### INSTRUCTIONS FOR THE TASK
An exact transcription is needed of the lines below from the one with "Pourquoi les routes" through the one with "ارائه خدمات کشاورزی وآبیاری", with no other lines and no pictures.

══ SOURCE RECORDS ══

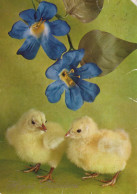 PÂQUES POULET ŒUF Vintage Carte Postale CPSM #PBO674.A - Pasqua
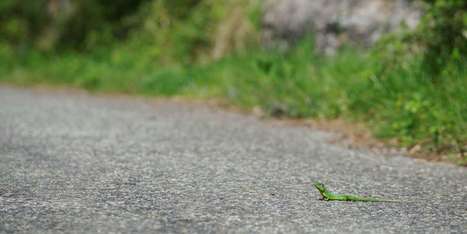 Pourquoi les routes sont de véritables pièges à reptiles | Biodiversité | Scoop.it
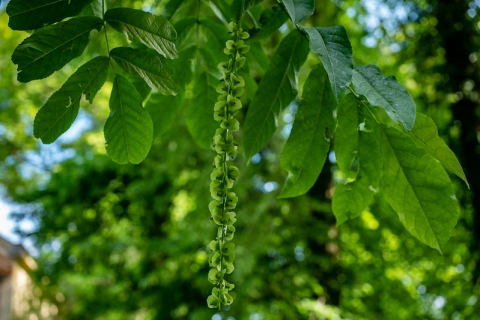 Ptérocarya à feuilles de frêne, Noyer du Caucase, Pterocaryer à feuilles de frêne, Ptérocaryer du Caucase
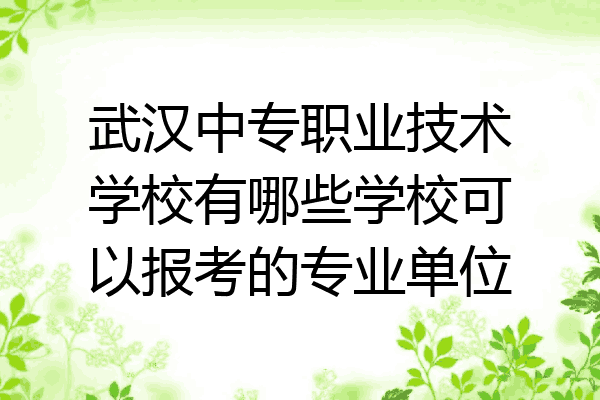 武汉中专职业技术学校有哪些学校可以报考的专业单位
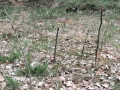 Img_3379b_107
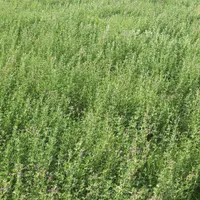 ارائه خدمات کشاورزی وآبیاری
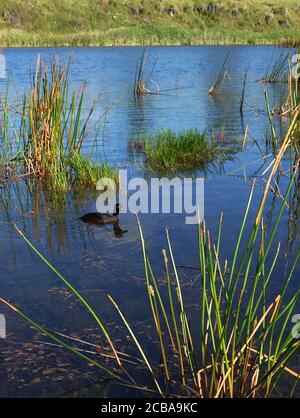 Neuseeländischer Scaup (Aythya novaeseelandiae), Schwimmen auf einem See in Neuseeland., Neuseeland, Subantarktische Inseln Stockfoto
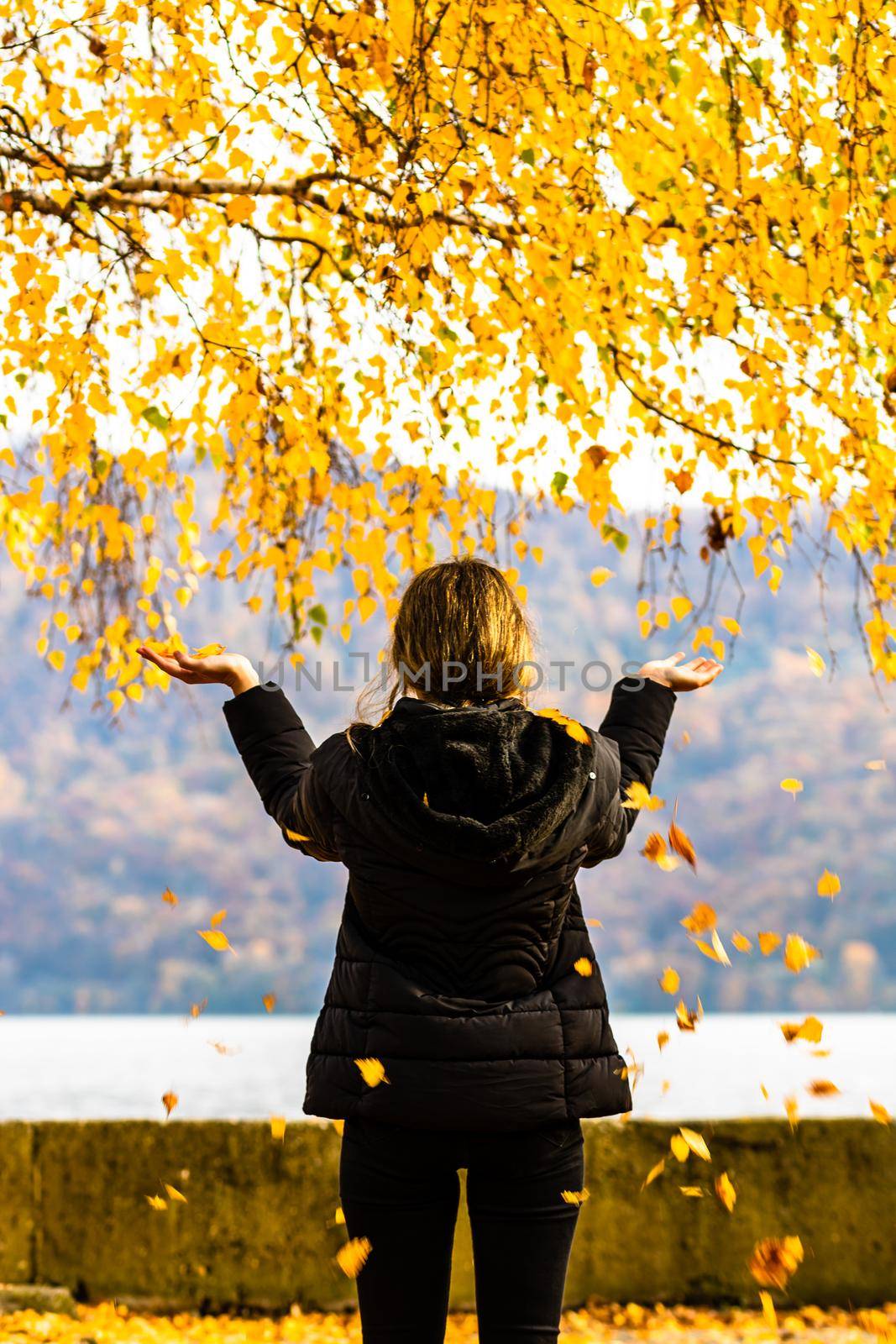 Back view of alone woman enjoying autumn, throwing fallen leaves on autumn alley. Autumn landscape, orange foliage in a park in Orsova, Romania, 2020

═══

### OUTPUT
 Pourquoi les routes sont de véritables pièges à reptiles | Biodiversité | Scoop.it
 Ptérocarya à feuilles de frêne, Noyer du Caucase, Pterocaryer à feuilles de frêne, Ptérocaryer du Caucase
 武汉中专职业技术学校有哪些学校可以报考的专业单位
 Img_3379b_107
 ارائه خدمات کشاورزی وآبیاری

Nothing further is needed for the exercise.